Problem details:
Produce the records below again, word for word, but stop after the line that contains "Le de givenchy".

Information provided:

= Beginning of Section =

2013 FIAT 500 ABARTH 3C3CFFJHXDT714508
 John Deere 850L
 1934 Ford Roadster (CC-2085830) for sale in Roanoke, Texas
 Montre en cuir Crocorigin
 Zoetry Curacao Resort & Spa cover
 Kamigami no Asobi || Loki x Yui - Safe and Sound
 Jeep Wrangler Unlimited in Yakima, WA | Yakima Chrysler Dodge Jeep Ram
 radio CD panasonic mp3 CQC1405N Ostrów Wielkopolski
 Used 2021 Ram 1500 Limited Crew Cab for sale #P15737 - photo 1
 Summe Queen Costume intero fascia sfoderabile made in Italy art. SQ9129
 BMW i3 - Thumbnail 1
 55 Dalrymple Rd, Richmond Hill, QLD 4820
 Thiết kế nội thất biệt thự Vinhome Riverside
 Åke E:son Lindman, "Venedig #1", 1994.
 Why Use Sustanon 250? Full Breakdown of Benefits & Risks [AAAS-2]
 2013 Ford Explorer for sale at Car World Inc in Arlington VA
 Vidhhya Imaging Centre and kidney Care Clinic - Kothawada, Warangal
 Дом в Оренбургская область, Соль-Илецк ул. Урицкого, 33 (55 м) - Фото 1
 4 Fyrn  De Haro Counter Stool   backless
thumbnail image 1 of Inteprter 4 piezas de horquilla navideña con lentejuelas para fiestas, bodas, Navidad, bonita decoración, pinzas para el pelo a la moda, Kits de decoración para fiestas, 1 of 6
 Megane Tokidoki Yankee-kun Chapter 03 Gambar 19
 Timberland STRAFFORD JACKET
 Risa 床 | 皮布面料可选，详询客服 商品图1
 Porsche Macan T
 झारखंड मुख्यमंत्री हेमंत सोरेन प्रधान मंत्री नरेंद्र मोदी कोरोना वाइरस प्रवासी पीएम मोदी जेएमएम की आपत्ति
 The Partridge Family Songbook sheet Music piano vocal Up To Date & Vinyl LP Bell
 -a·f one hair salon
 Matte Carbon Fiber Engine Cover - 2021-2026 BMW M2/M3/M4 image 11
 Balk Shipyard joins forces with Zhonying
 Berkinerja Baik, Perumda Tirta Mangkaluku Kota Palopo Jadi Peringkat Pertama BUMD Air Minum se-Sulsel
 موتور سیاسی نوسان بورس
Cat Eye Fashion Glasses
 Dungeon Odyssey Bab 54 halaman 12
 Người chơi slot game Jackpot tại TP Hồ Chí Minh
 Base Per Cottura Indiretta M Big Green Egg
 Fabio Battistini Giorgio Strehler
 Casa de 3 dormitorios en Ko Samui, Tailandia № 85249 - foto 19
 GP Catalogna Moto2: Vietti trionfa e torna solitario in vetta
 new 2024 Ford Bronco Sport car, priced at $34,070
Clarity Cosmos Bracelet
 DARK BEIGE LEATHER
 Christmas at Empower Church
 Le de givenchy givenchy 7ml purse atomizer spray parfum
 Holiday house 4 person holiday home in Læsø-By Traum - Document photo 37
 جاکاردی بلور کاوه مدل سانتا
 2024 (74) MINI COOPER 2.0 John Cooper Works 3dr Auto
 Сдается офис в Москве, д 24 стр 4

= End of Section =

The completed task:
2013 FIAT 500 ABARTH 3C3CFFJHXDT714508
 John Deere 850L
 1934 Ford Roadster (CC-2085830) for sale in Roanoke, Texas
 Montre en cuir Crocorigin
 Zoetry Curacao Resort & Spa cover
 Kamigami no Asobi || Loki x Yui - Safe and Sound
 Jeep Wrangler Unlimited in Yakima, WA | Yakima Chrysler Dodge Jeep Ram
 radio CD panasonic mp3 CQC1405N Ostrów Wielkopolski
 Used 2021 Ram 1500 Limited Crew Cab for sale #P15737 - photo 1
 Summe Queen Costume intero fascia sfoderabile made in Italy art. SQ9129
 BMW i3 - Thumbnail 1
 55 Dalrymple Rd, Richmond Hill, QLD 4820
 Thiết kế nội thất biệt thự Vinhome Riverside
 Åke E:son Lindman, "Venedig #1", 1994.
 Why Use Sustanon 250? Full Breakdown of Benefits & Risks [AAAS-2]
 2013 Ford Explorer for sale at Car World Inc in Arlington VA
 Vidhhya Imaging Centre and kidney Care Clinic - Kothawada, Warangal
 Дом в Оренбургская область, Соль-Илецк ул. Урицкого, 33 (55 м) - Фото 1
 4 Fyrn  De Haro Counter Stool   backless
thumbnail image 1 of Inteprter 4 piezas de horquilla navideña con lentejuelas para fiestas, bodas, Navidad, bonita decoración, pinzas para el pelo a la moda, Kits de decoración para fiestas, 1 of 6
 Megane Tokidoki Yankee-kun Chapter 03 Gambar 19
 Timberland STRAFFORD JACKET
 Risa 床 | 皮布面料可选，详询客服 商品图1
 Porsche Macan T
 झारखंड मुख्यमंत्री हेमंत सोरेन प्रधान मंत्री नरेंद्र मोदी कोरोना वाइरस प्रवासी पीएम मोदी जेएमएम की आपत्ति
 The Partridge Family Songbook sheet Music piano vocal Up To Date & Vinyl LP Bell
 -a·f one hair salon
 Matte Carbon Fiber Engine Cover - 2021-2026 BMW M2/M3/M4 image 11
 Balk Shipyard joins forces with Zhonying
 Berkinerja Baik, Perumda Tirta Mangkaluku Kota Palopo Jadi Peringkat Pertama BUMD Air Minum se-Sulsel
 موتور سیاسی نوسان بورس
Cat Eye Fashion Glasses
 Dungeon Odyssey Bab 54 halaman 12
 Người chơi slot game Jackpot tại TP Hồ Chí Minh
 Base Per Cottura Indiretta M Big Green Egg
 Fabio Battistini Giorgio Strehler
 Casa de 3 dormitorios en Ko Samui, Tailandia № 85249 - foto 19
 GP Catalogna Moto2: Vietti trionfa e torna solitario in vetta
 new 2024 Ford Bronco Sport car, priced at $34,070
Clarity Cosmos Bracelet
 DARK BEIGE LEATHER
 Christmas at Empower Church
 Le de givenchy givenchy 7ml purse atomizer spray parfum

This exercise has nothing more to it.